AWS Outposts: Run Fully Managed NoSQL Workloads On-Premises Using ScyllaDB
AWS Outposts are a fully managed on-premises extension of Amazon Web Services. It puts all of your familiar infrastructure and APIs available right in your own local environment. Ideal for low latency use cases, AWS Outposts allow you to run EC2 instances, Elastic Block Storage (EBS), and container-based services like Amazon’s EKS for Kubernetes.
Order what you need through your AWS Console, and a team of experts shows up on-site for the installation. Your local on-premises environment shows up as your own private zone and you store all of the physical assets in a traditional 80 x 48 x 24 inch 42U rack.
Scylla as an On-Premises Alternative to DynamoDB
Not all Amazon services are available in AWS Outposts, however. Notably, Amazon DynamoDB is currently unable to run in an on-premise environment.
This is where Scylla serves a role. With Scylla’s DynamoDB-compatible API, Alternator, you can run your DynamoDB workloads in your local AWS Outpost, using Scylla Cloud, our fully managed database-as-a-service (NoSQL DBaaS) running in your own AWS account. Want to use the same data on AWS Outposts and AWS public region? Run Scylla Cloud in a multi-datacenter, hybrid, setup: one DC on-prem, one DC on a public region.
By the way, if you are more familiar with Scylla’s CQL interface, the same Cassandra Query Language used in Apache Cassandra, that’s fine too. You can also use Scylla Cloud on AWS Outposts as an on-premises managed Cassandra-compatible service. (Learn more about the differences between the DynamoDB API and the Cassandra CQL interface here.)
Scylla Cloud has been tested and certified by Amazon as “AWS Outposts ready.” As a member of the AWS Partner Network you can rely on the experts at ScyllaDB to manage an enterprise-grade NoSQL database on-premises for your critical business needs.
You can provision standard EC2 instance types such as the storage-intensive I3en series, which can store up to 60 terabytes of data.

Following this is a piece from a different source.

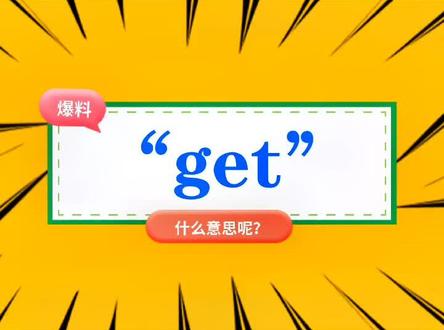“get”是什么意思?#get #get新技能 #get巩俐同款黑科技 #get我的皇后范儿 #涨知识 #教育 #网络流行词 #一起学习 #每天学习一点点 #网络热词 #健康科普 #网络热词翻译
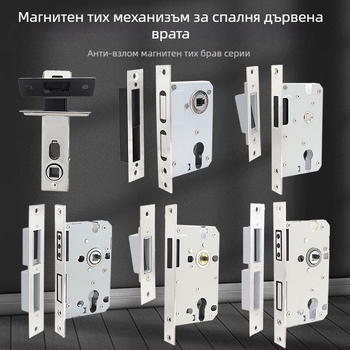 Корпус на брава за дървена врата, неръждаема стомана, магнитен безшумен механизъм, модел CXST-001, тегло 200–400 g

Administrators can also divide larger physical servers into smaller virtual servers for separate workloads and use cases.
Afterwards, you can then deploy Scylla Cloud on your AWS account. Once you have, you should be ready to run!
If you need to learn more in detail about how the Scylla DynamoDB-compatible API works, check out our lesson on using the DynamoDB API in Scylla from Scylla University. It’s completely free.
As a last point, you can also use Scylla Enterprise or Scylla Open Source NoSQL Database on AWS Outposts if you want to manage your own database.